Segment Start: Extracted records

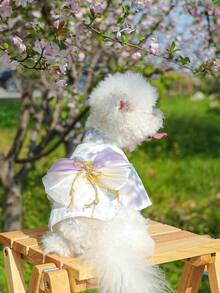 1pc Pet Dress, Stylish & Casual Lovely Comfortable Cherry Blossom Pattern Japanese Style Outfit For Small Dogs And Cats - Purple - View 5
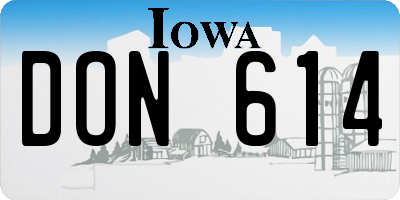 IA license plate DON614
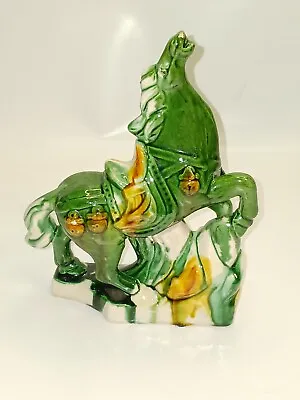 £14.46 • Buy Vintage Chinese Tang Dynasty Drip Style Glaze, Ceramic War Horse Figurine Tri 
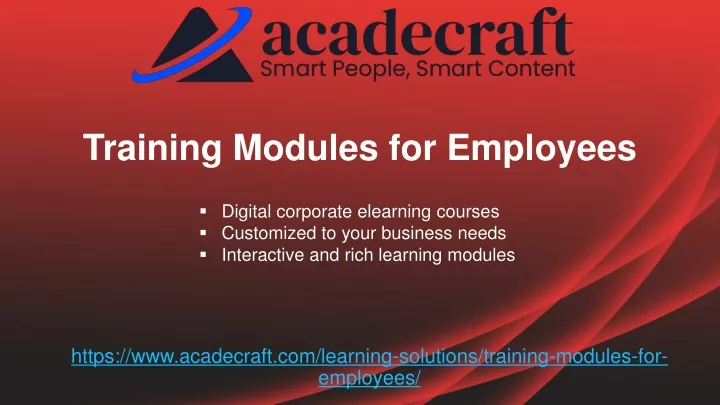 https www acadecraft com learning solutions training modules for employees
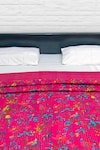 Buy_CocoBee_Pink Cotton Printed Floral Bedspread _at_Aza_Fashions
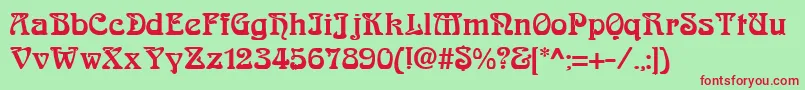 AskedalRegular Font – Red Fonts on Green Background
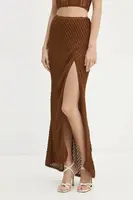 Sukně Charo Ruiz Ibiza Eris hnědá barva, maxi, pouzdrová, 255403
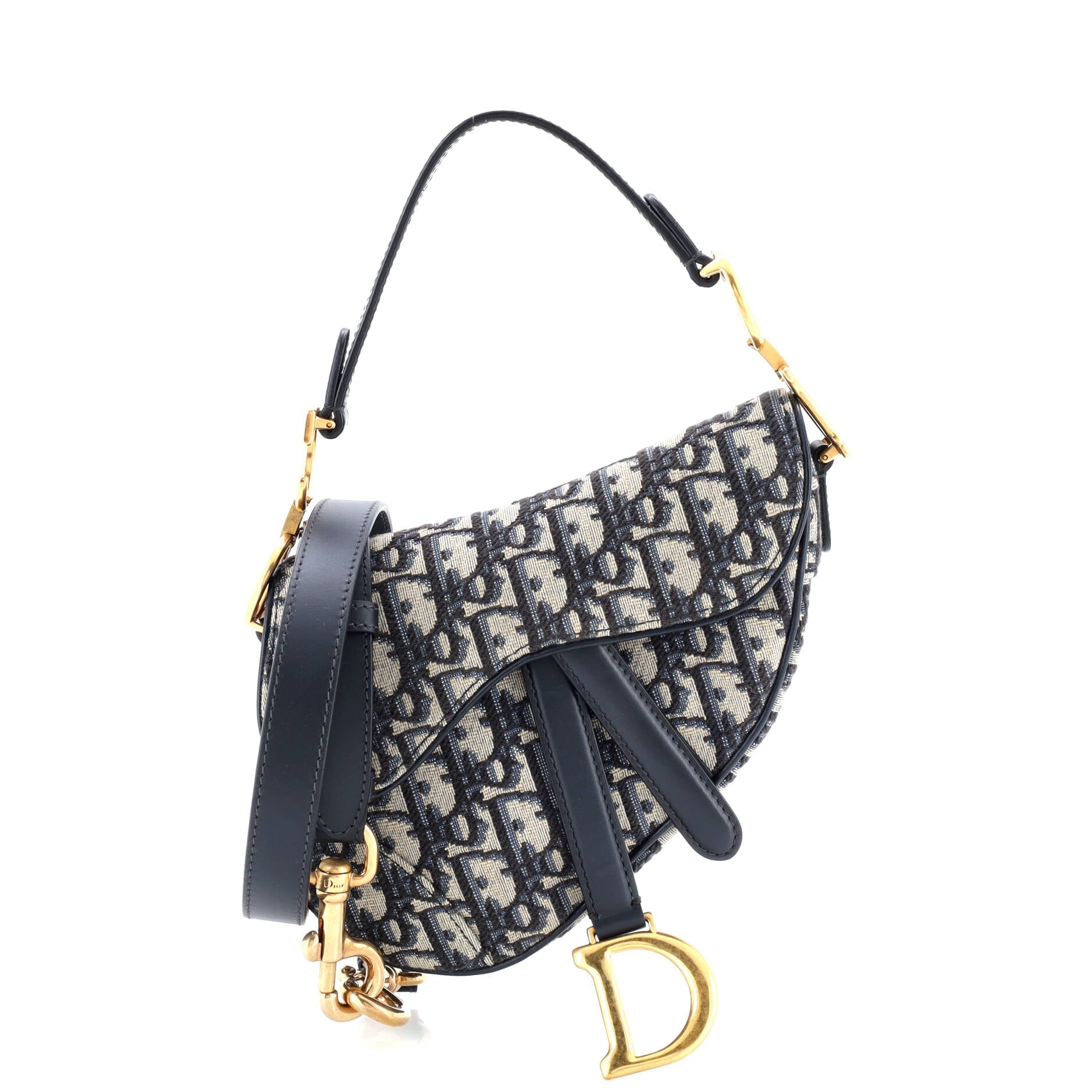 Saddle Handbag with Strap Oblique Canvas Mini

Segment End: Extracted records

### Instructions to follow
Please output each line above exactly and omit all images.

### Task response
 1pc Pet Dress, Stylish & Casual Lovely Comfortable Cherry Blossom Pattern Japanese Style Outfit For Small Dogs And Cats - Purple - View 5
 IA license plate DON614
 £14.46 • Buy Vintage Chinese Tang Dynasty Drip Style Glaze, Ceramic War Horse Figurine Tri 
 https www acadecraft com learning solutions training modules for employees
 Buy_CocoBee_Pink Cotton Printed Floral Bedspread _at_Aza_Fashions
 AskedalRegular Font – Red Fonts on Green Background
 Sukně Charo Ruiz Ibiza Eris hnědá barva, maxi, pouzdrová, 255403
 Saddle Handbag with Strap Oblique Canvas Mini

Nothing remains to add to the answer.